|English Language Teaching On-Line|
In this paper, I will endeavor to assess both the quality and effectiveness of the 1992 New Jersey Grade 8 Early Warning Test. This effort will begin with a brief discussion of the advantages and disadvantages of standardized tests as a means of assessment, followed by a description of the criteria selected for use in this analysis and the rationale for their selection. The test itself will then be discussed within the context of a rubric which has been specifically designed for the purpose of this analysis, and which employs the above-mentioned criteria. Finally, the conclusions drawn regarding the NJEWT will be generalized in a critique of standardized tests in general.
The use of standardized tests began in the nineteenth century, though this type of testing did not become widespread in the United States until the early part of the twentieth century. Initially, the primary focus of standardized testing was the measure of general intelligence, or IQ. However, by the 1950's, tests were being developed to assess student level and progress in an effort to improve the quality and effectiveness of educational services delivered at that time. Today, these tests are used in a great variety of ways, though their validity and reliability remain a source of discussion and controversy.
Advantages & Disadvantages
Clearly, standardized tests possess advantages for educators. For the most part, these advantages lay in the mechanics of the tests, as the validity of the instruments depends heavily on the form, manner, content, and administration of the tests themselves. Among these advantages are: objectivity - though the question of validity may be raised in this connection; ease of scoring - be it by machine or by professional interraters using scoring rubrics; ease of administration - as seen in the uniform delivery of tests via proctors; ease of information collection on a large scale - whether local, state-wide, or national; and, the ease with which scoring information gathered might be compared across sample groups.
However, there also appear to be distinct disadvantages in the use of standardized tests. Factors that could potentially impact the validity of the tests are the primary cause of concern among educators, parents, and students alike, as the results of these tests often influence the development of educational programs. Among these disadvantages are: the possible influence of bias - be it cultural, socio-economic, ethnic, gender (sexual), racial, or a combination of the above; the difficulty of assessing overall student abilities - standardized tests, traditionally, do not allow for performance-based assessment; the limitations placed on student creativity; the length of the tests and lack of variety in the questions; and, the loss of class time as some teachers spend days or weeks "studying to" or preparing students for the tests.
Criteria & Analysis
In this analysis of the 1992 New Jersey Grade 8 Early Warning Test (NJEWT), I have chosen four criteria, assembled into a scoring rubric identifying those points under each criterion which might be met to a relatively greater or lesser degree, by which I will attempt to assess the test in question. These criteria were selected as I believe them to be relevant measures regarding the quality of the test as an assessment tool, and are: Adequacy - the quality of the procedures and manner of presentation; Impact - success of the instrument in meeting its stated goals; Reliability - consistency and repeatability of outcomes across time-frames and sample groups; and, Validity - alignment of the assessment tool with the objectives of the assessment.
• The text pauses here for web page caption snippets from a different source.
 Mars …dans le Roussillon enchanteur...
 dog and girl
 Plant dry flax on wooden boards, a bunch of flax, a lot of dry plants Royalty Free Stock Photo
The 1992 New Jersey Grade 8 Early Warning Test is divided into three sections: writing, reading, and mathematics. Each of these sections is of the same approximate length as the others, and the majority of questions are in multiple choice format. Interestingly, the writing section requires students to compose only a single essay, the rest of the test items in that section being primarily multiple choice questions; the reading section, on the other hand, contains numerous opportunities for students to display their writing ability, and the math section allows for written explanations of the ways in which students have arrived at their answers. Based on these observations, it appears that the first thing which must be considered in analyzing the NJEWT is the question of validity - whether or not the test actually tests what it is intended to test.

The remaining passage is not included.